» Assignment
Gather each line containing the string "Silver" from these entries.
═══
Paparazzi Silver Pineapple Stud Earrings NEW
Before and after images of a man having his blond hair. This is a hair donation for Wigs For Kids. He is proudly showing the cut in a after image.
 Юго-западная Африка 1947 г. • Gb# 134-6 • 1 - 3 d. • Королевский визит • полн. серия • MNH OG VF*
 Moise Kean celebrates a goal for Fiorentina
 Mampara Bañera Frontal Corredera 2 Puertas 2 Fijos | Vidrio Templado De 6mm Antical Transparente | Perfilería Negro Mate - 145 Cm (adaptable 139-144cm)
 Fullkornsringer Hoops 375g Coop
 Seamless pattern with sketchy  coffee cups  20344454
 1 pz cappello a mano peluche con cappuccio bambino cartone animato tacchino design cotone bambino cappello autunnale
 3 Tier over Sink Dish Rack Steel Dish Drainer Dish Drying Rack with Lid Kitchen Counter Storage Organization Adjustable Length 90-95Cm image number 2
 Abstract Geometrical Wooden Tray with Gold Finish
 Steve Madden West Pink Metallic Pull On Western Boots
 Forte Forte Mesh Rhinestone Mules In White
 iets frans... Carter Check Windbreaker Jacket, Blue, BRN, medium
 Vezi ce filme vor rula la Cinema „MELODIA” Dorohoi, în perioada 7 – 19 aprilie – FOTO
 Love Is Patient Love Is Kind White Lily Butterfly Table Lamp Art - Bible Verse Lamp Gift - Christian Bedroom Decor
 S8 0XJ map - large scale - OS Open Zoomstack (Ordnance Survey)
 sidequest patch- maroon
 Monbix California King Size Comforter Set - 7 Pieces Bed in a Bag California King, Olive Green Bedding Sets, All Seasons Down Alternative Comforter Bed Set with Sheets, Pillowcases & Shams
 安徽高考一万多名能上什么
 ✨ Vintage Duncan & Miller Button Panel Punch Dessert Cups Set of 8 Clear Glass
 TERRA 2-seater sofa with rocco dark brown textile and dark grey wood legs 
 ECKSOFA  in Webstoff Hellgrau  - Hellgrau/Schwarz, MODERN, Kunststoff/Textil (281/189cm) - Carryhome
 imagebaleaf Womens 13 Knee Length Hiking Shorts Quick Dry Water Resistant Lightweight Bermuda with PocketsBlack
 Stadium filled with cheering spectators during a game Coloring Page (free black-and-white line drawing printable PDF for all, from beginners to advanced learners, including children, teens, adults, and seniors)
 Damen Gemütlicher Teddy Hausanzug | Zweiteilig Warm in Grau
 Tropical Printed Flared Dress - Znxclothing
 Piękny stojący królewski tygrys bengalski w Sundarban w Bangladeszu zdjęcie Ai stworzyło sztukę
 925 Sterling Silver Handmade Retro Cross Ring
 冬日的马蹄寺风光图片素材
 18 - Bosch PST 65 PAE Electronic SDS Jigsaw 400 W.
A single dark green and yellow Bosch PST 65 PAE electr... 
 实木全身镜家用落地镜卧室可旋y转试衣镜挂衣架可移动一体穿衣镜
═══
» Expected answer
Paparazzi Silver Pineapple Stud Earrings NEW
 925 Sterling Silver Handmade Retro Cross Ring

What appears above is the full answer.